Foltern für den Frieden
Da Foltern als extremes Unrecht betrachtet wird, gilt ein Folterverbot in nahezu allen demokratischen Staaten. Die Verlockungen, dieses Verbot sowie die ebenfalls verbotene Androhung von Folter zu überschreiten, sind groß und emotional mitunter nachvollziehbar. Im Fall von Terrorismus oder der Entführung von Kindern ist das Unrechtsbewusstsein sehr ausgeprägt und Forderungen wie „Rübe runter“, „Schwanz ab“ oder ein bisschen Foltern für den Frieden und die Gerechtigkeit scheinen fast legitim. Und hier liegt das Problem. Es sind genau jene Methoden, die wir mit Demokratien und Rechtsstaaten nicht in Verbindung bringen.
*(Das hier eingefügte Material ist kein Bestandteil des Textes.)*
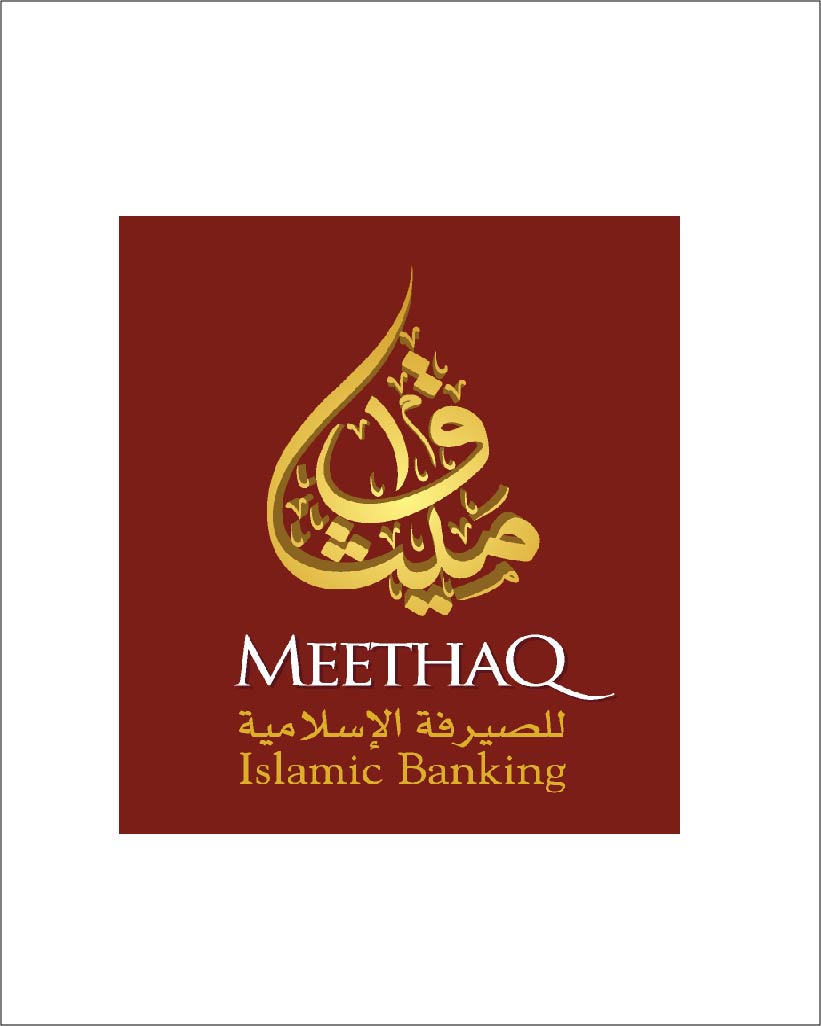 ميثاق للصيرفة الاسلامية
Bestimmte Grenzen dürfen hier nicht überschritten werden, aus Prinzip, weil sie den Rechtsstaat oder die Demokratie selbst aushebeln würden.
Die Demokratie hat den Anspruch, das bessere weil gerechtere politische System zu sein, wenn das verspielt wird, fühlen sich die Gegner der Demokratie bestätigt wie die Anhänger erschüttert. Dass und wie in einigen Demokratien gefoltert wird, ist ein offenes Geheimnis. Man muss sich sehr gut überlegen, ob man das augenzwinkernd hinnimmt. Die Problematik liegt auf der Hand. Wenn Menschen aus Regimen, in denen Unrecht und Unterdrückung mit brutalen Methoden an der Tagesordnung sind, zu uns kommen, erleben sie unsere Gesetzgebung als laff und fürchten sie nicht. Wie reagieren wir angemessen darauf?
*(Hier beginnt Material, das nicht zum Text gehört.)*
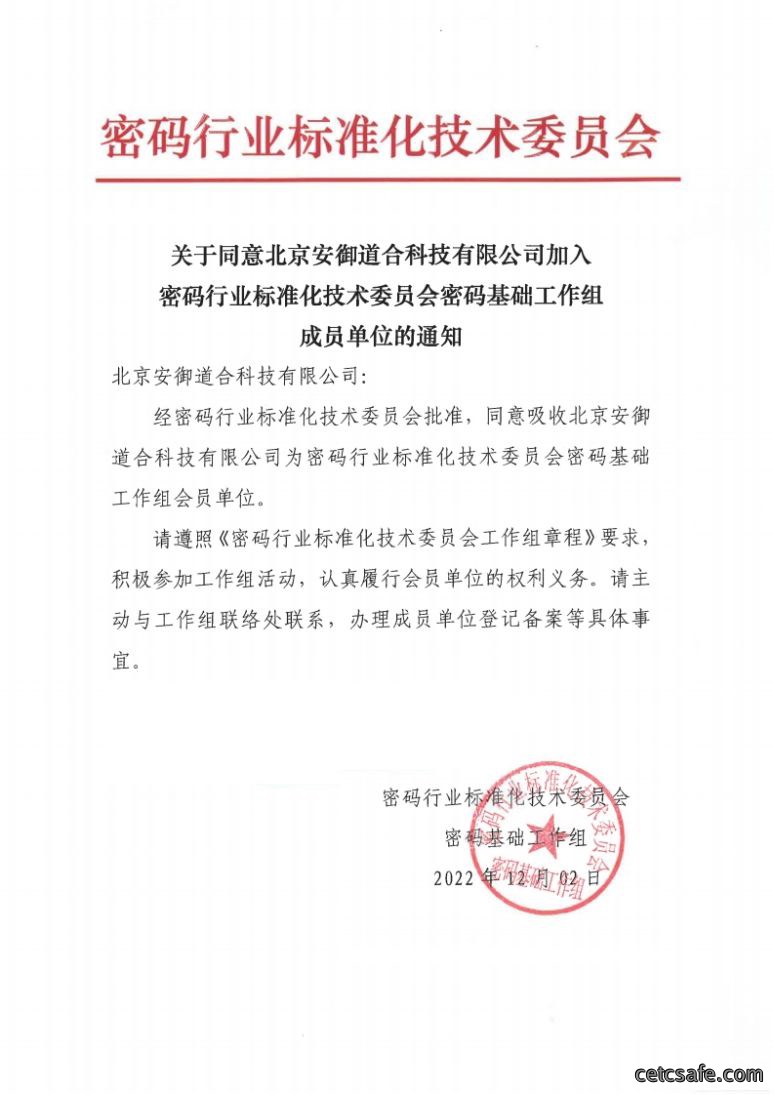 成功加入密标委基础组丨安御道合为密码行业发展贡献力量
Multinationale Konzerne schreiben ihre Gesetze selbst
In der Demokratie haben alle die gleichen Rechte und unterliegen der gleichen Rechtssprechung, dumm nur, wenn einige sich die Gesetze, die sie brauchen, selbst schreiben können. Lobbyisten verschiedener Richtungen legen die von Anwälten multinationaler Großkonzerne geschriebenen, für die Industrie passenden, Gesetzestexte den zuständigen Politikern vor, die diese, offenbar oft ohne sie kritisch zu lesen, wortgleich übernehmen.
Der Einfluss von Lobbyisten auf die Politik ist groß, jedoch auch legitim. Lobbyisten sind im neutralen Sinne erst einmal Interessenvertreter, ob sie nun für Großkonzerne arbeiten oder Kinderschutzprojekte, ist eine andere Frage. Der Verdacht liegt natürlich nahe, zu glauben, dass die ungleich massiveren Möglichkeiten der Industrie- und Finanzwirtschaft mit ihrem Drohpotential, notfalls ins Ausland zu gehen, auch genutzt werden. Ihre Möglichkeiten, sich wenigstens einige Poltiker durch Spenden, bestimmte Zuwendungen, gesponserte Reisen oder spätere Posten in den oberen Etagen der Industrie und Wirtschaft (Altkanzler Schröder ist hier nur das prominenteste Beispiel in einer langen Reihe), bishin zur leisen Erpressung oder Bedienung ihrer Eitelkeiten, im einen oder anderen Fall, gefügig zu machen, sind mehr als nur Gerüchte. Die Mittel des regionalen Tierschutzverbandes, auch das eine Lobbygruppe, und eines multinationalen Pharmakonzerns sind hier natürlich andere, Websites wie Lobbyplag weisen auf Missstände hin.
Wenn organisierte Kriminalität und Politik nicht mehr zu trennen sind
Das Phänomen ist bekannt. Kleinkriminalität kann sicher isoliert werden. Auch gegen schwerkriminelle Einzeltäter oder bestimmte, gesellschaftlich geächtete, Randgruppen wie Terroristen oder Pädophile geht man vor, doch ein immer größeres Problem stellt die organisierte Kriminalität dar. Zum einen weil sie gut vernetzt über Landesgrenzen agiert, zum anderen, weil einige ihrer Vertrter oft Beziehungen bis in die oberen Kreise der Gesellschaft haben, eine Thematik, der sich in Deutschland vor allem der Publizist Jürgen Roth gewidmet hat.